| HN Mirror

Y	Hacker News new \| ask \| show \| jobs

by rjn945 5216 days ago

I think this has a lot to do with it. After an hour of reading, watching and thinking, I can't come up with any way to put it into one paragraph.

Here's the shortest what and why I could come up with:

Questioning Assumptions

Many relational databases today operate based on assumptions that were true in the 1970s but are no longer true. Newer solutions such as key-value stores ("NoSQL") make unnecessary compromises in the ability to perform queries or make consistency guarantees. Datomic reconsiders the database in light of current computer set-ups: millions of times larger and faster disks and RAM, and distributed architectures connected over the internet.

Data Model

Instead of using table-based storage with explicit schemas, Datomic uses a simpler model wherein the database is made up of a large collection of "datoms" or facts. Each datom has 4 parts: an entity, an attribute, a value, and a time (denoted by the transaction number that added it the database). Example:

  John, :street, "23 Swift St.", T27

This simple data model has two main benefits. It makes your data less rigid and hence more agile and easier to change. Additionally, it makes it easy to handle data in non-traditional structures, such as hierarchies, sets or sparse tables. It also enables Datomic's time model...

Time

Like Clojure, Datomic incorporates an explicit model of time. All data is associated with a time and new data does not replace old data, but is added to it. Returning to our previous example, if John later changes his address, a new datom would be added to the database, e.g.

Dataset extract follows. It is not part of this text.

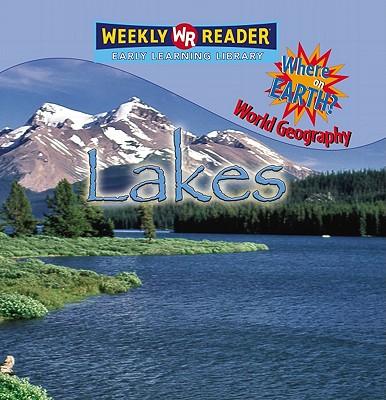 Lakes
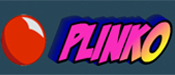 Plinko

  John, :street, "17 Maple St.", T43

This mirrors the real world where the fact that John has moved does not erase the fact that John once lived on Swift St. This has multiple benefits: the ability to view the database at a point in time other than the present; no data is lost; the immutability of each datom allows for easy and pervasive caching.

Move Data and Data Processing to Peers

Traditionally databases use a client-server model where clients send queries and commands to a central database. This database holds all the data, performs all data processing, and manages the data storage and synchronization. Clients may only to access the data through the interface the server provides - typically SQL strings which may include a (relatively small) set of functions provided by the database.

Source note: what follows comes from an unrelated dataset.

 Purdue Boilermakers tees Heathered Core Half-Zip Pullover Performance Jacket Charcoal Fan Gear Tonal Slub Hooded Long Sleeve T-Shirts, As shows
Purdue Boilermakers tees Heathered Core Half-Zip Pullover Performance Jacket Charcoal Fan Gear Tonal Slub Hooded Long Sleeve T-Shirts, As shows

Datomic breaks this system apart. The only centralized component is data storage. Peers access the data storage through a new distributed component called a transactor. Finally, the most important part, data processing, now happens in the clients, which, considering their importance, have been renamed "peers".

Queries are made in a declarative language called Datalog which is similar to but better than SQL. It's better because it more closely matches the model of the data itself (rather than thinking in terms of the implementation of tables in a database). Additionally, it's not restricted like SQL. It allows you to use your full programming language. You can write reusable rules that can then be composed in queries. Additionally, you can call any of your own functions. This is a big step up in power and it's made practical because of the distribution. If ran your query on central server, you'd have to be concerned about tying up a scare resource with a long-running query. When processing locally, that's not a concern.

When a query is performed that data is loaded from central storage and placed into RAM (if it will fit). Later queries can use this locally cached data for fast queries.

----

That's definitely not all it does or all the benefits, but hopefully that's a good start.

2 comments

programnature 5216 days ago

I would add the following

*Transactions as first-class entities

Transactions are just data like everything else, and can add facts about them like anything else. For example, who created the transaction. What did the database look like before and after transaction.

Additionally, you can subscribe to the queue of transactions, if you wanted to watch for and react to events of a certain nature. This very difficult in most other systems.

link

anamax 5216 days ago

> a time (denoted by the transaction number that added it the database).

Do transaction numbers have total order or just partial order? Total order is serializing. (And no, using real time as the transaction number doesn't help because it's impossible to keep an interesting number of servers time-synched.) Partial order is "interesting".

link

programnature 5216 days ago

It is totally ordered.

The transactor is a single point of failure.

However, since its only job is doing the transactions, the idea is it can be faster than a database server that does both the transactions and the queries.

link

snprbob86 5215 days ago

Hmm... presumably an application can act in read-only mode in the absence of a transactor. That's an interesting thought :-)

link

weavejester 5215 days ago

The transactor is only used for writes, so if the transactor went down, you could still run queries.

link

alkby 5214 days ago

I think their statement about ACID is too bold.

How does somebody do read-"modify" style of transactions ?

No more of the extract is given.